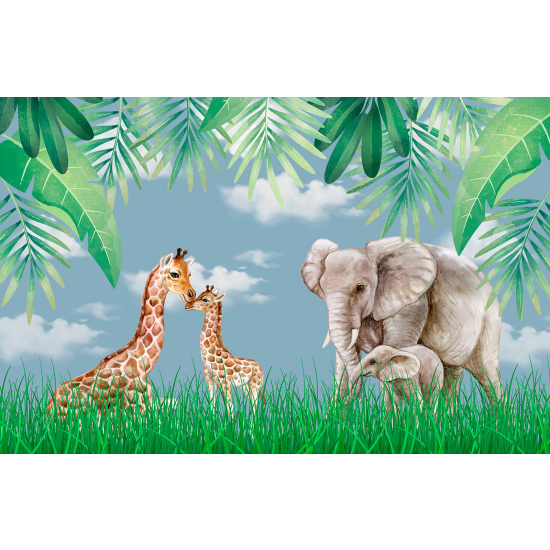 Papel pintado panorámico para niños - Infantil - Animales de la Selva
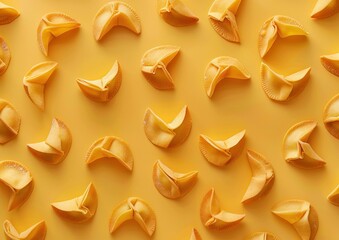 Naklejka premium Colorful arrangement of fortune cookies on a vibrant yellow background, symbolizing luck and fun. Full of charm and positivity, perfect for celebrations and events.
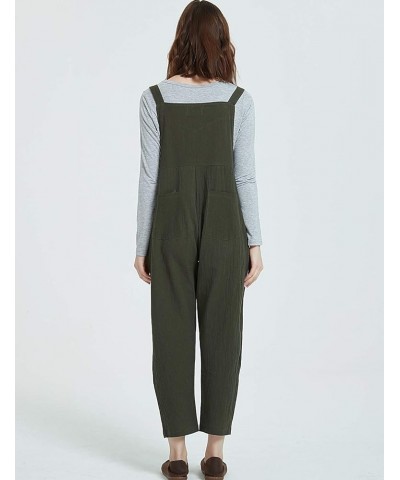 Women's Baggy Loose Cotton Linen Bib Overalls Jumpsuits Army Green $11.79 Overalls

**WHAT YOU SHOULD DO**
When you retype the material above, keep every word exact and drop the images.

**THE COMPLETED TASK**
 Papel pintado panorámico para niños - Infantil - Animales de la Selva
 Naklejka premium Colorful arrangement of fortune cookies on a vibrant yellow background, symbolizing luck and fun. Full of charm and positivity, perfect for celebrations and events.
 Women's Baggy Loose Cotton Linen Bib Overalls Jumpsuits Army Green $11.79 Overalls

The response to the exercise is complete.